Enbridge Inc. said late Friday it had stopped an oil spill from its 6A pipeline, which delivers up to a third of Canada's crude oil exports to the United States, but gave no estimate on when the line might resume operations a day after it was shut down.
The U.S. Environmental Protection Agency said earlier Friday that the pipeline was spewing oil at a rate of between 200 and 600 barrels per hour -the equivalent of up to 14,400 barrels day, a large spill by U.S. pipeline standards.
"The leaking has stopped," said Enbridge spokesman Larry Springer.
The incident comes less than two months after a smaller Enbridge line on the same Lakehead pipeline system was shut after spilling nearly 20,000 barrels in Michigan. Calgary-based Enbridge has still not been allowed to restart that line.
Oil prices surged $2.20 or nearly 3 percent, and the spread between the first and second-month oil futures contracts narrowed by $1, as the leak on the 467 mile line from Superior, Wisconsin to Griffith, Indiana threatened to slash oil supplies to the industrial U.S. Midwest region.
Analysts said the severity and rapid succession of spills on the aging Enbridge pipeline system -which is more than three decades old- could mean a lasting disruption in crude supplies. U.S. oil safety regulators are already on edge over
the recent BP oil spill in the Gulf of Mexico.
"Our guess is the leak could be fixed quickly. However, a second leak in this short a period of time is likely to attract regulatory scrutiny, which could take some time to resolve," said Simmons & Co. analysts in a note to investors.
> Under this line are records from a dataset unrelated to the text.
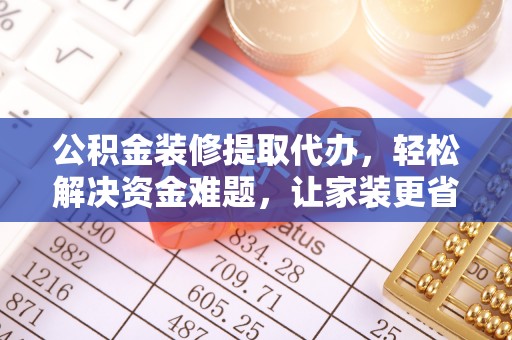 精准公积金装修提取代办，轻松解决资金难题，让家装更省心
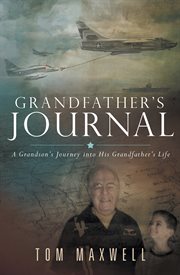 Grandfather's journal : a grandson's journey into his grandfather's life cover image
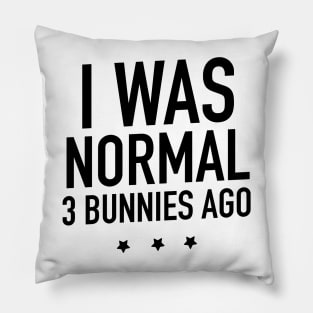 I was normal 3 bunnies ago Pillow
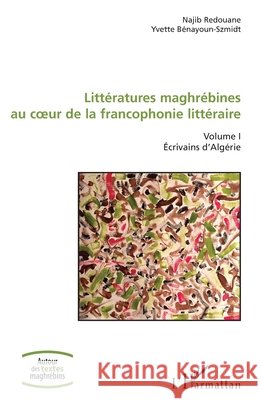 Littératures maghrébines au coeur de la francophonie littéraire: Volume I Ecrivains d'Algérie Redouane, Najib, Bénayoun-Szmidt, Yvette 9782343135458 Editions L'Harmattan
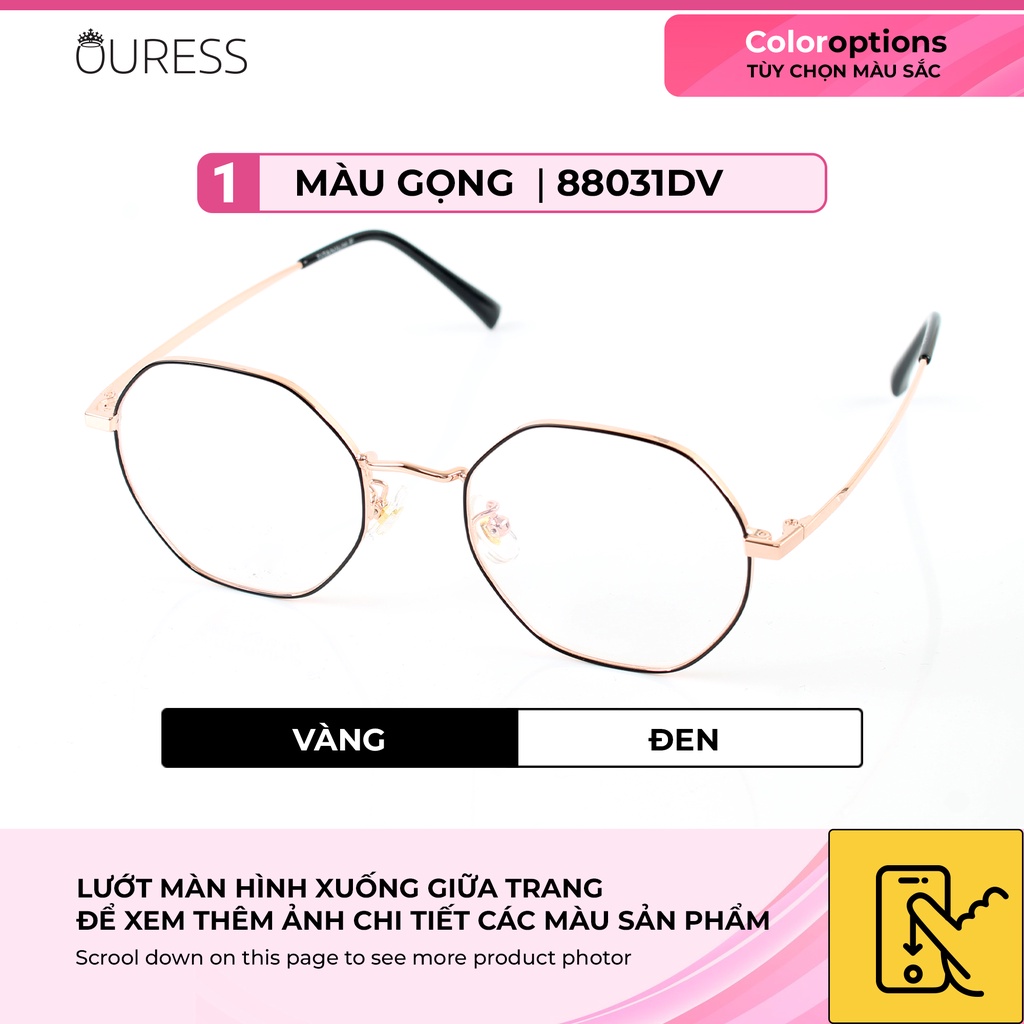 Gọng kính titanium 88031DV thời trang cao cấp nam nữ siêu nhẹ siêu bền OURESS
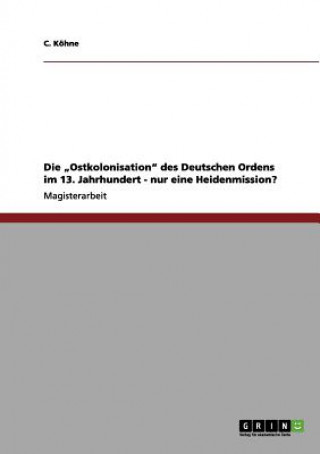 Carte "Ostkolonisation des Deutschen Ordens im 13. Jahrhundert - nur eine Heidenmission? C. Köhne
Enbridge said the site had been isolated and the oil contained as more than 200 personnel were working on the scene, but added it could not give an estimate of the cause or scale of the leak, or when the line might resume shipments. A spokesman said normal operations could take time.
"We do believe there will be a significant impact to (pipeline) customers, and we're asking for their patience," Enbridge spokesman Glenn Herchak said earlier.
The most recent leak occured around Romeoville, Illinois, a town of around 40,000 located about 35 miles south west of Chicago.
Enbridge shut off and isolated the line in locations both north and south of where the spill was first discovered, around noon on Thursday. Assuming a steady flow-rate of 600 barrels per hour, or 14,400 barrels per day, it could rank among the ten largest U.S. pipeline spills of the past decade, according to U.S. government data.
Enbridge, Illinois and Federal officials are working to clean up the spill, the company said. Restarting the line would first require approval from the U.S. Department of Transportation (DOT).
A U.S. government official, who asked not to be named, told Reuters that there is no immediate plan to restart 6A and DOT inspectors are currently investigating the leak.
Enbridge shares fell 89 cents to C$51.99 in Toronto trade on Friday.
Canada shipped 1.75 million barrels of crude to the United States in the week to Sept. 3, making it by far the largest foreign supplier. Saudi Arabia, the No. 2 supplier, shipped 1.16 million bpd to U.S. markets last week, according to data from the U.S. Energy Information Administration.